Critics weren't happy to see its return, giving "Jigsaw" a 39 percent Rotten Tomatoes score. The Hollywood Reporter said the film "now feels like an outlier in a horror marketplace dominated by films that typically favor spooks over spurts." Opening-weekend moviegoers also weren't overwhelmed, giving the film a modest B CinemaScore.
But that rating still easily surpassed the D-minus grade that greeted Clooney's latest directorial effort. Despite making its debut on more than 2,000 screens, "Suburbicon" managed just $2.8 million, making it one of Paramount Pictures' worst-performing wide releases ever and marking a box office low for Clooney as a director and star Matt Damon.
"Obviously, we are disappointed in these results, which we don't feel are indicative of the quality and message of his original movie," said Kyle Davies, president of distribution for Paramount.

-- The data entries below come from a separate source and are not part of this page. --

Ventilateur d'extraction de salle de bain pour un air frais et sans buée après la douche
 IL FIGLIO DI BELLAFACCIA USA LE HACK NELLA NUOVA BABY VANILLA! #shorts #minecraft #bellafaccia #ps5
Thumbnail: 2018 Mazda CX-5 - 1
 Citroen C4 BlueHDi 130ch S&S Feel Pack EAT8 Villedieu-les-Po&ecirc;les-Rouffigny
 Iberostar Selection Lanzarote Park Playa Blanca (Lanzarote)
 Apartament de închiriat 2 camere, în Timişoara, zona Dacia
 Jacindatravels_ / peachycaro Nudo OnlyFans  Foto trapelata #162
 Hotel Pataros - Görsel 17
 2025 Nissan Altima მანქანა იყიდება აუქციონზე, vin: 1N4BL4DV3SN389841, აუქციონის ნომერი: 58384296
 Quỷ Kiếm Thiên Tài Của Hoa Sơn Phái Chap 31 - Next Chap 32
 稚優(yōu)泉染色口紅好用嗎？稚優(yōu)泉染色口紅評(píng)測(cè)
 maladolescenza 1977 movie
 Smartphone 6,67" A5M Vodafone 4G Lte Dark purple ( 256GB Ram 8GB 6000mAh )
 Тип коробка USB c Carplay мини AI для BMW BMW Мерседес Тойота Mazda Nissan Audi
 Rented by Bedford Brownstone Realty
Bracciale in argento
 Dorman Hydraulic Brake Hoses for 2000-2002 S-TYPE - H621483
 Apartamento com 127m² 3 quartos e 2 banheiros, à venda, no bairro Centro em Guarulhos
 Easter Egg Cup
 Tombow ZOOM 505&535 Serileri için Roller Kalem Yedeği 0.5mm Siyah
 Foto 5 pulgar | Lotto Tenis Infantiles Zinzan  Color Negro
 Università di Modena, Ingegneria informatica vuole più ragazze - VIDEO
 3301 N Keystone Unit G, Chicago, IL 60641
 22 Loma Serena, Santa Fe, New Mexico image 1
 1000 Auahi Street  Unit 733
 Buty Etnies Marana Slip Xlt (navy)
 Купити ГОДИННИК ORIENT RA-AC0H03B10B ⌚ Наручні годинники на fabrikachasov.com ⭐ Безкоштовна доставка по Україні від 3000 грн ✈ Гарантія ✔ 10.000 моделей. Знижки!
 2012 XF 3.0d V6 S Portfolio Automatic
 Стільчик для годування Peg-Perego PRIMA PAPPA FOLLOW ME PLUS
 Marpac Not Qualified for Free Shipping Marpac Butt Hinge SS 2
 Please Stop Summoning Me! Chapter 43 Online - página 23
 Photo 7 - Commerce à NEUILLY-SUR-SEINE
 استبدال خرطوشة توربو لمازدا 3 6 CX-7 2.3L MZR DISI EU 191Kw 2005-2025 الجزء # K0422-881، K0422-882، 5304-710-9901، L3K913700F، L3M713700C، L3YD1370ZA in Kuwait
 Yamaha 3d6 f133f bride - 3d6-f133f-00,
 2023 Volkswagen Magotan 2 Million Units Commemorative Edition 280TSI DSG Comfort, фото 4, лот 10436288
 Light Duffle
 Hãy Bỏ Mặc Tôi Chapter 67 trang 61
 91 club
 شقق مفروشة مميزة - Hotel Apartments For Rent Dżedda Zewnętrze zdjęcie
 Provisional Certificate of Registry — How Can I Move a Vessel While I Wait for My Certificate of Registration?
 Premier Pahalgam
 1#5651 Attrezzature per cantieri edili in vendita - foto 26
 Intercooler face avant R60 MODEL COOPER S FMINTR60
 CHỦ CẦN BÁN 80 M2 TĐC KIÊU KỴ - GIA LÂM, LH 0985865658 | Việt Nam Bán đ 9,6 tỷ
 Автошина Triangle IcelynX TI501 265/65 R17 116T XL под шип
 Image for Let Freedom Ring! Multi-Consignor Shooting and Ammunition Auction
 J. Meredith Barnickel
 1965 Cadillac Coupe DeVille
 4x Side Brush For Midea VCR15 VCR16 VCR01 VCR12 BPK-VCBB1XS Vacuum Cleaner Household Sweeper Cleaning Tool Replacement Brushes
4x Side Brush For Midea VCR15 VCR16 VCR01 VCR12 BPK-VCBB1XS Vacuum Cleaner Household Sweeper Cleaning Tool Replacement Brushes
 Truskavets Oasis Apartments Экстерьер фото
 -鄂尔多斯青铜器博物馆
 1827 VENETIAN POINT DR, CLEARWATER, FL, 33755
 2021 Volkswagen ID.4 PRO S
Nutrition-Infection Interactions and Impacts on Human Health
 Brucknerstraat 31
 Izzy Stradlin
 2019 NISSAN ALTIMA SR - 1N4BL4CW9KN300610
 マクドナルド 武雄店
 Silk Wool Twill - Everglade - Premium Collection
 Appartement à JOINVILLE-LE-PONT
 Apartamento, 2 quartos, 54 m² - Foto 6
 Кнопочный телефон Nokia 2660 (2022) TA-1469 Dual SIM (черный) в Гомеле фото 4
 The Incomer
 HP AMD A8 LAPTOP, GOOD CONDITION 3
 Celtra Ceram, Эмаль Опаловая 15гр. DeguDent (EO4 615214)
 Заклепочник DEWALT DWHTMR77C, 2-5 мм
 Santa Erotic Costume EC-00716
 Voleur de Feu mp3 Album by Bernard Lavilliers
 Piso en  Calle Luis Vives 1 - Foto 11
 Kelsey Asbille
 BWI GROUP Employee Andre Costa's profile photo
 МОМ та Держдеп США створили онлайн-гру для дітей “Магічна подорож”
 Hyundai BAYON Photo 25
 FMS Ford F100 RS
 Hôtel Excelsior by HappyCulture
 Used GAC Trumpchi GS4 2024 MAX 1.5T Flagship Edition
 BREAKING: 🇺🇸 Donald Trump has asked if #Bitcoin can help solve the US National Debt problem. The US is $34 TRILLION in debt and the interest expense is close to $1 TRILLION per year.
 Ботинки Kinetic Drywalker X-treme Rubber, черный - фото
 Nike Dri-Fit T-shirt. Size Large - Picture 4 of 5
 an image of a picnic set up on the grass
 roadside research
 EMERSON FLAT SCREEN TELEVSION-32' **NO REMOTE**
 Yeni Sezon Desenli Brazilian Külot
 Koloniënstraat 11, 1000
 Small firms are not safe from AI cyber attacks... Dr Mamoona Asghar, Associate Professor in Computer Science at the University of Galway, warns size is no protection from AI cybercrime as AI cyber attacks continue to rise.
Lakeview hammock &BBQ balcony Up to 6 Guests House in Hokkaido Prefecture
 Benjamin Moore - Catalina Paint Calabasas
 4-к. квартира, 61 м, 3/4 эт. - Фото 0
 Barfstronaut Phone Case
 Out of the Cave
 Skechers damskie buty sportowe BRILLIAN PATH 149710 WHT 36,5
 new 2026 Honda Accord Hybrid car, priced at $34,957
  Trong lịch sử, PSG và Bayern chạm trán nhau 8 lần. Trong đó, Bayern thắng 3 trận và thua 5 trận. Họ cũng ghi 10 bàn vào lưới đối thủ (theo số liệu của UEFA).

"Suburbicon," which made it's debut at the Venice Film Festival, was crafted as a fusion between an old Joel and Ethan Coen home-invasion comedy script and a more pointed satire of racism in a 1959 suburb. Critics didn't respond well to the mix, either; its Rotten Tomatoes score is just 26 percent fresh.
The Miles Teller PTSD drama "Thank You For Your Service," directed by "American Sniper" writer Jason Hall, also opened weakly, with $3.7 million in 2,054 theaters, for DreamWorks and Universal.
(Universal is a division of NBCUniversal, the parent company of NBC News.)
Business overall was slow ahead of Halloween. Weekend ticket sales totaled about $75 million, according to comScore, making it the second-lowest grossing weekend of the year in the United States and Canada.
But overseas, where "Thor: Ragnarok" began its worldwide rollout, was a different story. The Disney release grossed $107.6 million internationally from about 52 percent of the marketplace. The "Thor" sequel opens in North America, China and elsewhere on Friday.
Estimated ticket sales for Friday through Sunday at U.S. and Canadian theaters, according to comScore. Final domestic figures will be released Monday.
"Jigsaw," $16.3 million ($9.5 million).
"Boo 2! A Madea Halloween," $10 million.
"Geostorm," $5.7 million ($49.3 million).
"Happy Death Day," $5.1 million ($4.7 million international).
"Blade Runner 2049," $4 million ($16.6 million international).
"Thank You for Your Service," $3.7 million.
"Only the Brave," $3.5 million.
"The Foreigner," $3.2 million ($1.2 million international).